── DATASET SECTION
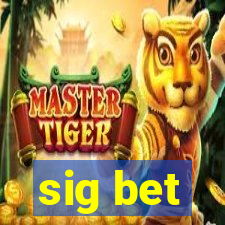 sig bet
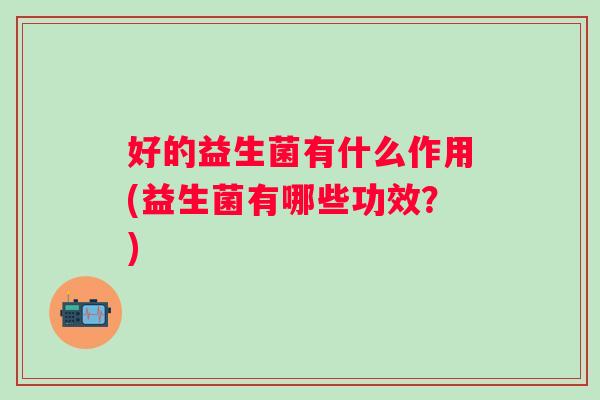 好的益生菌有什么作用(益生菌有哪些功效？)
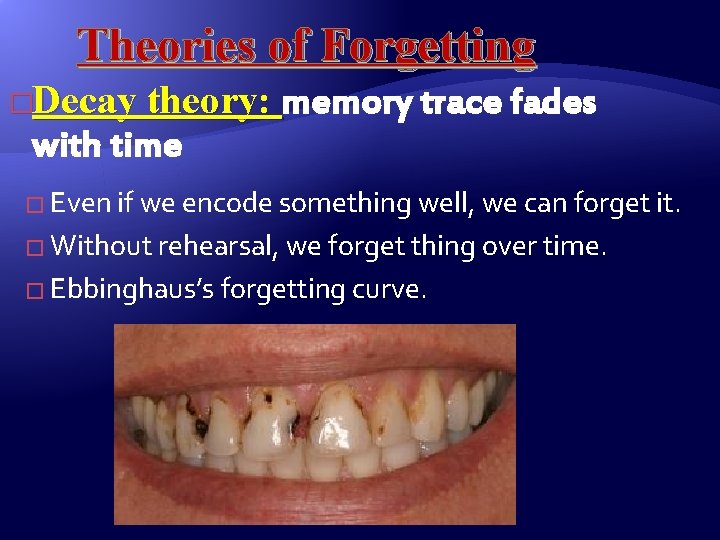 Theories of Forgetting �Decay theory: memory trace fades with time � Even if we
────
*WHAT THE EXERCISE ASKS*: Set down again, exactly, the lines from the one with "好的益生菌有什么作用(益生菌有哪些功效？)" to the last line of the data, both included and pictures excluded.

*OUTPUT BELOW*:
 好的益生菌有什么作用(益生菌有哪些功效？)
 Theories of Forgetting �Decay theory: memory trace fades with time � Even if we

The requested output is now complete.